I also saw a documentary about this, but it was called "A pharaoh to remember". Unfortunately in this one, the fake funeral just made the guy feel worse.
This is actually funny to me because as a child I fondly remember playing “Funeral” as one of our games.
The game consisted of players taking turns lying very still and dead in some kind of coffin or just on the floor. Then everyone else takes turns going up to your dead body and saying last words about what a good friend you were or maybe you were an ass and the world is better off without you or absolutely whatever you wanted to say, sometimes funny and sometimes true. Then maybe you throw some “flower” or something and the next kid takes a turn.
When everybody has spoke their thoughts you’re covered with blankets or pillows or whatever we had and you experience just being dead and buried, until you get bored then you get up and it’s someone else’s turn to die.
I don’t know why we played such a morbid game as kids but there you go. Maybe it’s why I’m so cynical and nihilist as a grown up.
This is fascinating. It reminds me of a line from Hamilton: "I imagine death so much it feels more like a memory". Lin-Manual Miranda has said that was the most auto biographical thing he's ever written and that he thinks his drive and positivity both come from that attitude.
I wonder if there's an easy way to replicate the exercise yourself. Perhaps every month write a letter to be read out at your funeral? One idea I had years ago but never did was to make a short video for my funeral every year where I shared my thoughts, fears and hopes and where I was in life. The idea was I could look back in future and see how far I'd come, but that it would also be useful exercise at the time.
I'm also a big fan of reading out my favourite quotes. If you're not sure what to say for your funeral then try to imagine yourself saying them, what do they say and where would you want them read out? A bit like a funeral speech, but a little more personal.
As part of many meditation process and spiritual practices in Hinduism and Budhism, visualization of your own death is very common. And it is usually called Death Mediation which is designed to teach you the impermanence of the our own existence and true nature of the World.
“ Wie Tausende von seinesgleichen, machte er es aus der Vorstellung, dass ihm zu jeder Stunde der Weg in den Tod offen stehe, nicht bloß ein jugendlich-melancholisches Phantasiespiel, sondern baute sich aus ebendiesem Gedanken einen Trost und eine Stütze.”
Excerpt from “Traktat vom Steppenwolf”[0] by Herman Hesse.
Paraphrasing: Like thousands of his kind, he [der Selbstmörder “he who commuts suicide”] doesn’t just use the idea that the door to his death is open at any time as a youthful and melancholic phantasy, but as consolation and a crutch.
Avoid the use of social media for a month or more and it will have the same effect. Well, not exactly the same effect, but it will feel like you are observing and interacting with the world like a ghost would.
This has been an enjoyable, cathartic thread to read. I really vibe with the "memento mori" concept.
One thing I'll add that I ran across is a short discussion between David Lynch and Harry Dean Stanton discussing life, and "how they want to be remembered"

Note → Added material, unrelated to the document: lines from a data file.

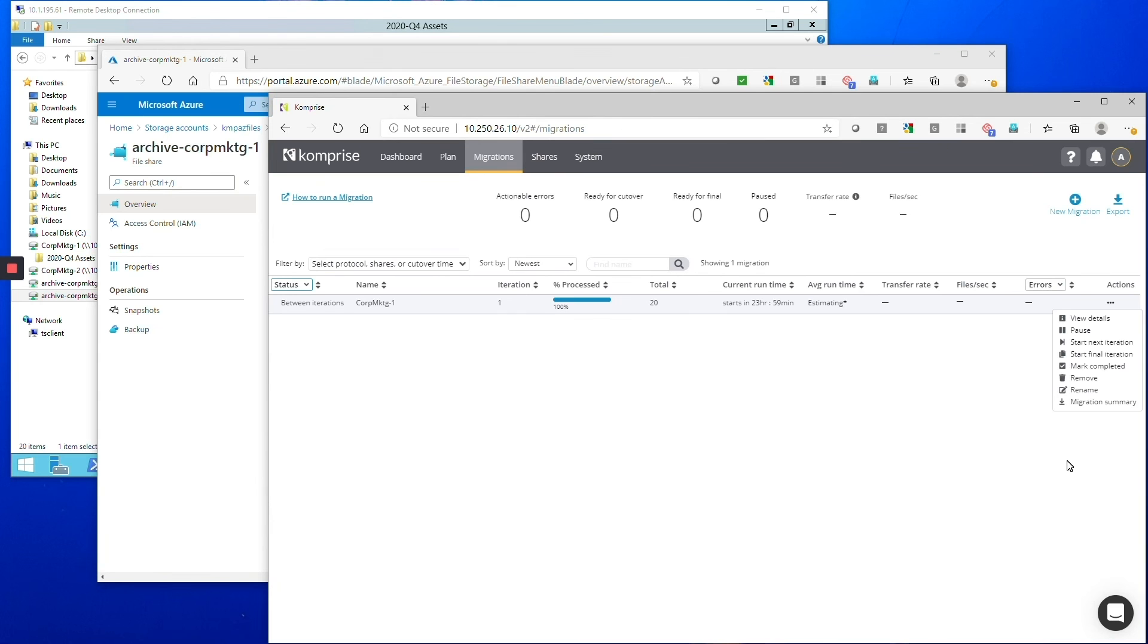And in fact your first five terabytes of migration to Azure files we'll do absolutely free. Oh that's great so you can try it out, see if it works for you. That's excellent, thank you so much for coming in today for showing us this awesome tool. Really happy to have you as an Azure partner. Thank you Fabian, we're very excited to work with Azure.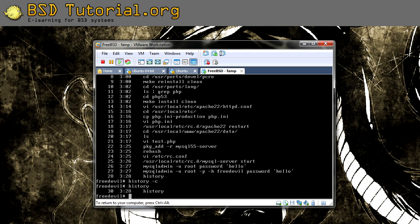So that's everything. MySQL is installed and it's running. During reboot it will start automatically since it's configured in /etc/rc.conf. The next step is to install phpMyAdmin.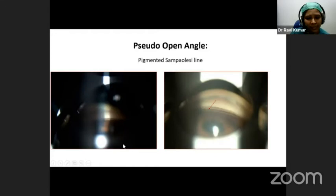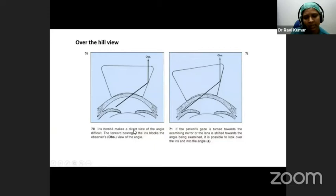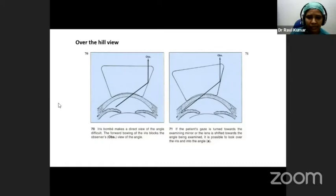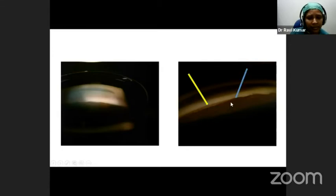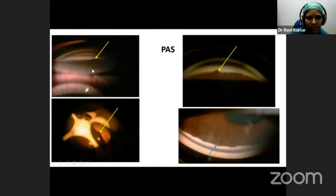If we don't have an indentation gonioscope and are using a three-mirror or single-mirror Goldmann lens, we can do manipulative gonioscopy to see the over-the-hill view: ask the patient to look into the mirror, or shift the lens toward the angle we want to see, to look over the iris and into the angle. In an example, the angle appears completely closed with no angle structures visible, but indentation shows some parts open to the scleral spur, while the temporal part does not open — indicating areas closed by peripheral anterior synechiae.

(SPOILER on bottom of post.)
> Ben X is a 2007 Belgian-Dutch drama film based on the novel Nothing Was All He Said (Dutch: Niets Was Alles Wat Hij Zei) by Nic Balthazar, who also directed the film.[4] The film is about a boy with Asperger syndrome (played by Greg Timmermans) who retreats into the fantasy world of the MMORPG ArchLord to escape bullying. The film's title is a reference to the leet version of the Dutch phrase "(ik) ben niks", meaning "(I) am nothing".

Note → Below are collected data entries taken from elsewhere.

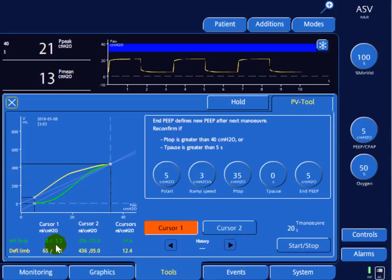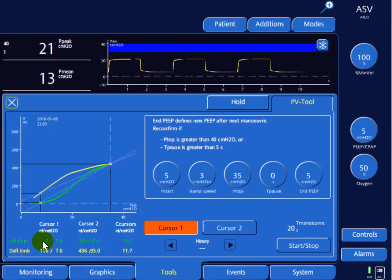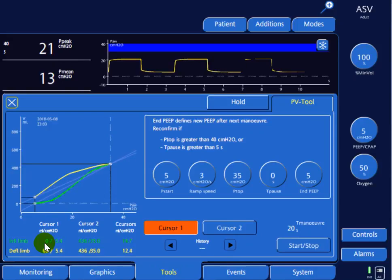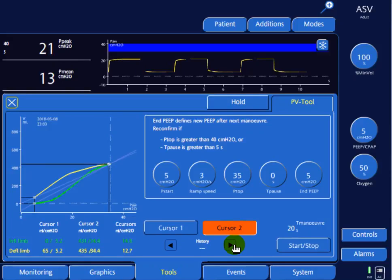At a pressure of 5.2, which is the PEEP, we see zero volume. As pressure increases, volume begins to rise — at a pressure of 10 we get 21 ml of air into the lung. We'll leave that cursor at this level and bring the second cursor down.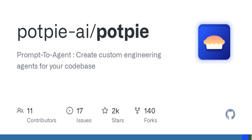Thank you for tuning in to CodeCast. If you enjoyed today's episode, don't forget to like, share, and subscribe. Until next time, keep coding.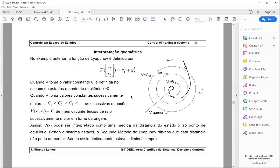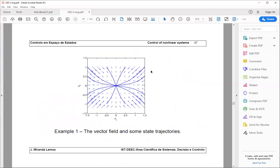Geometrically, the trajectory cuts the level curves — which in this case are simple circumferences — toward the interior, always approaching the origin. The curves were sketched by hand but always converge to the origin.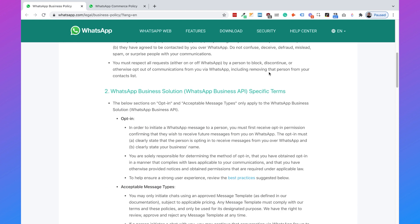The second point is the opt-in for WhatsApp, and there are two ways of opting in. The first way is that a user fills in a form — for example, on your website — giving their phone number and permission to send them a message on WhatsApp. The other way is that a user on WhatsApp directly messages you. If the user starts the conversation on WhatsApp, that is the other way of opting in to your WhatsApp chatbot.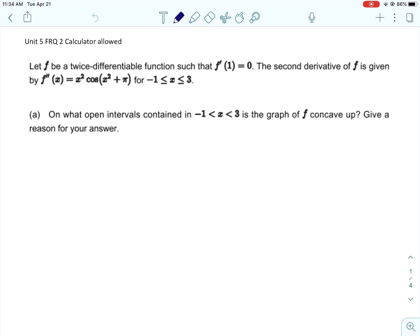We're back on Unit 5 still, and this is a calculator-allowed question from AP Classroom. I'm not going to show a lot of the work because it can be done in the calculator. Just know that on the actual test they are going to probably require you to show work on questions like this — it'll be one where the calculator is available but you still have to show the work.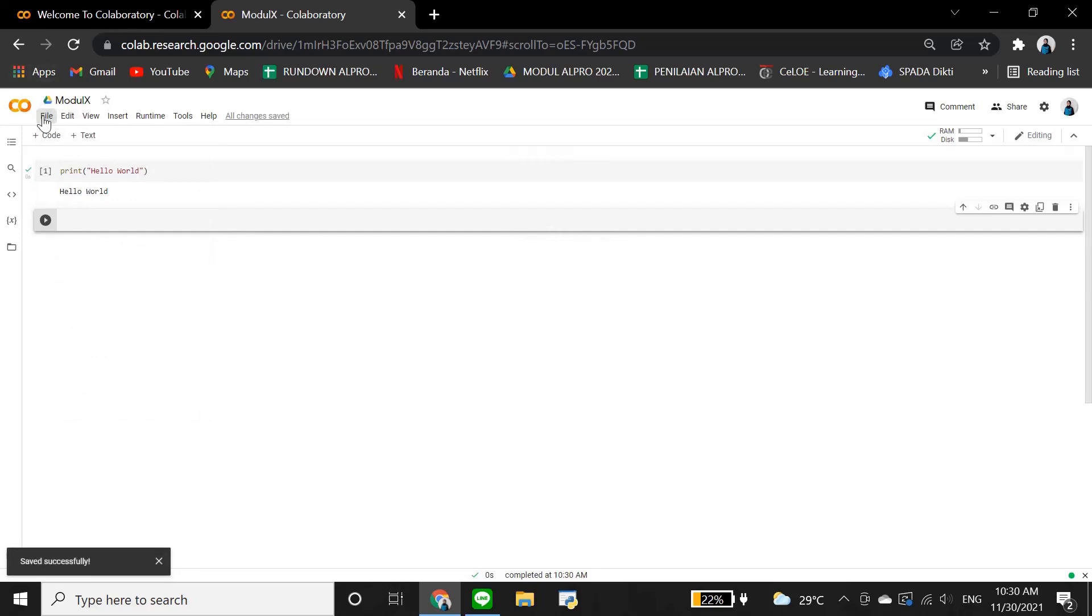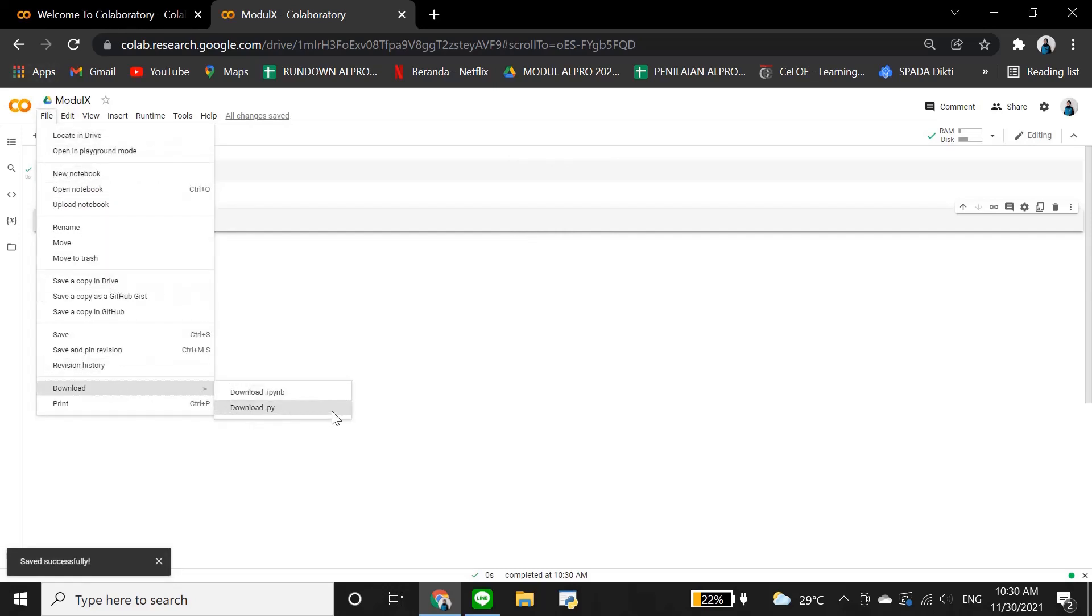After you finish, you can download it by clicking file, download, and then choose .py.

> The novel was inspired by the true story of a boy with autism who committed suicide because of bullying
There is also a Swedish remake (2013):
> Erik Leijonborg adapted the film into a Swedish-language remake, IRL.
[SPOILER]The reason it reminds me of that movie, is because Ben's death is faked to teach his bullies a (life) lesson.[/SPOILER]
Back when I watched it (it hit a spot), I did not play either MMORPGs nor did I know I had autism. Now I know I have autism, and I played MMORPGs.